Kids skip school, join praise of Atlanta’s champs

There is one possible truthful escape from censure for the students who, with their scofflaw parents, played hooky to attend the Atlanta United victory parade Monday:


State regulations limit excused school absences to serious events such as illness or a death in the family. Those claiming that excuse might have to produce some documentary evidence. Students whose military parents are deploying can get a pass.

Also, the state proclaims, students missing school for a religious observance may be excused.

The crowds that lined downtown streets for the team's victory lap Monday were certainly as fervent as any tent revivalist's. There was singing, clapping of hands, outbursts of joy and proclamations the city has changed its losing ways.

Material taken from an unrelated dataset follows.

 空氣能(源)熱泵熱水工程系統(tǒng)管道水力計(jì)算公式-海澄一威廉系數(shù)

Georgians' faithfulness to baseball, basketball or particularly, football, which is often compared to religion in the South, have not produced the salvific experience of a national championship in nearly a generation. It took the second coming of futbol — soccer — to deliver that, and appreciative children lined Baker and Marietta streets and Andrew Young International Boulevard to applaud, cheer and experience the moment.

Paula Taylor, mom to soccer-playing siblings 16-year-old Madison and 14-year-old Sarah, said the game is a big deal in their Paulding County house. And this could be a one-in-a-lifetime opportunity she didn’t want them to miss.

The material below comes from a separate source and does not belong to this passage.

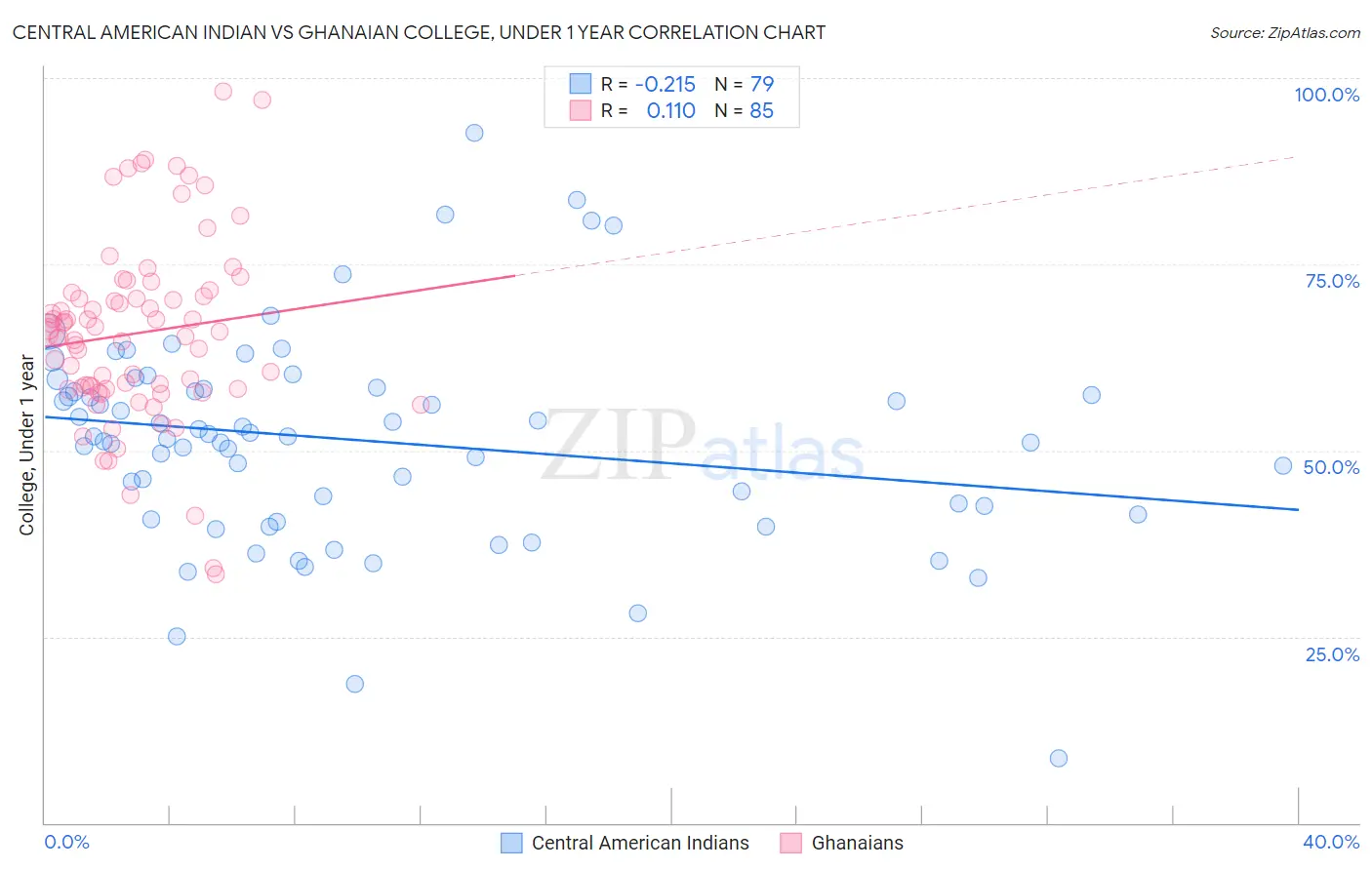 Central American Indian vs Ghanaian College, Under 1 year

As the convertible carrying team owner Arthur Blank and his wife Angela passed in front of the girls, both yelled, “Thanks for getting us out of school!”

Blank shouted back he appreciated their thanks.

As the open, double-decked bus carrying the team rolled slowly by, Madison threw her newly minted MLS-champs hat to players on top. It was tossed back with inked signatures: coach Tata Martino and players Mikey Ambrose and Darlington Nagbe, some of her favorites.

“It was crazy,” Madison said. “The players love the fans.”

On another section of the route, Pedro Rodriguez said it was special to share his love for the game with his three sons, ages 5 to 12. They attended the game Saturday. A native of Mexico, he moved to Atlanta in 1996, which means he missed the city’s last championship win by the Braves, in the ‘95 World Series.

Taylor, the Paulding mother, was there and had regrets because she did. To a point. Her girls are A students, she said. They haven’t missed a day so far. Any excuse she wrote, she said with levity, would probably not deliver her girls from a black mark on their permanent record. Neither would a letter from Arthur Blank. But it’s worth it.